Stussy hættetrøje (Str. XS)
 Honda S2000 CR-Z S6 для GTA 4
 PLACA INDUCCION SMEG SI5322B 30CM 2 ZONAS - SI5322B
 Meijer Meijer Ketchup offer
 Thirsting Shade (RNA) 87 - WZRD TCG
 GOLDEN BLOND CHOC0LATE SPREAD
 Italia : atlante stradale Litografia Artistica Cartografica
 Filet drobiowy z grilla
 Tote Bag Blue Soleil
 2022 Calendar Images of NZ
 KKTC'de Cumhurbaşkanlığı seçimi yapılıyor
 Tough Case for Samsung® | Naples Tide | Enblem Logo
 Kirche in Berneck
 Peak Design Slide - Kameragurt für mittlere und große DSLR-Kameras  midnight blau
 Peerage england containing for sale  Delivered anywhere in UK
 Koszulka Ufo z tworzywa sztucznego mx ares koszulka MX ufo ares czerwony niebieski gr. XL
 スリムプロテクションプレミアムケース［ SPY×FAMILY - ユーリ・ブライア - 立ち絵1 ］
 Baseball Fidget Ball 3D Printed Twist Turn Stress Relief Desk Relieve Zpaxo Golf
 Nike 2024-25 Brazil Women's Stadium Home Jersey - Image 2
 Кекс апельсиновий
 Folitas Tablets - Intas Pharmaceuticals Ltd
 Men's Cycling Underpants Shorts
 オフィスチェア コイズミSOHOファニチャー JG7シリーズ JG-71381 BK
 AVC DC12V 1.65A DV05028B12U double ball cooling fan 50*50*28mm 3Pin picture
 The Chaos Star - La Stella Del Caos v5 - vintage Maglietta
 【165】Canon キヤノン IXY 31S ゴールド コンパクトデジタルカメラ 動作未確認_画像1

◆ ◆ ◆ ◆

> _Work instructions_
Look through the entries above and quote exactly the lines from the line with "Filet drobiowy z grilla" to the line with "The Chaos Star", counting both of those lines.

> _Task solution_
 Filet drobiowy z grilla
 Tote Bag Blue Soleil
 2022 Calendar Images of NZ
 KKTC'de Cumhurbaşkanlığı seçimi yapılıyor
 Tough Case for Samsung® | Naples Tide | Enblem Logo
 Kirche in Berneck
 Peak Design Slide - Kameragurt für mittlere und große DSLR-Kameras  midnight blau
 Peerage england containing for sale  Delivered anywhere in UK
 Koszulka Ufo z tworzywa sztucznego mx ares koszulka MX ufo ares czerwony niebieski gr. XL
 スリムプロテクションプレミアムケース［ SPY×FAMILY - ユーリ・ブライア - 立ち絵1 ］
 Baseball Fidget Ball 3D Printed Twist Turn Stress Relief Desk Relieve Zpaxo Golf
 Nike 2024-25 Brazil Women's Stadium Home Jersey - Image 2
 Кекс апельсиновий
 Folitas Tablets - Intas Pharmaceuticals Ltd
 Men's Cycling Underpants Shorts
 オフィスチェア コイズミSOHOファニチャー JG7シリーズ JG-71381 BK
 AVC DC12V 1.65A DV05028B12U double ball cooling fan 50*50*28mm 3Pin picture
 The Chaos Star - La Stella Del Caos v5 - vintage Maglietta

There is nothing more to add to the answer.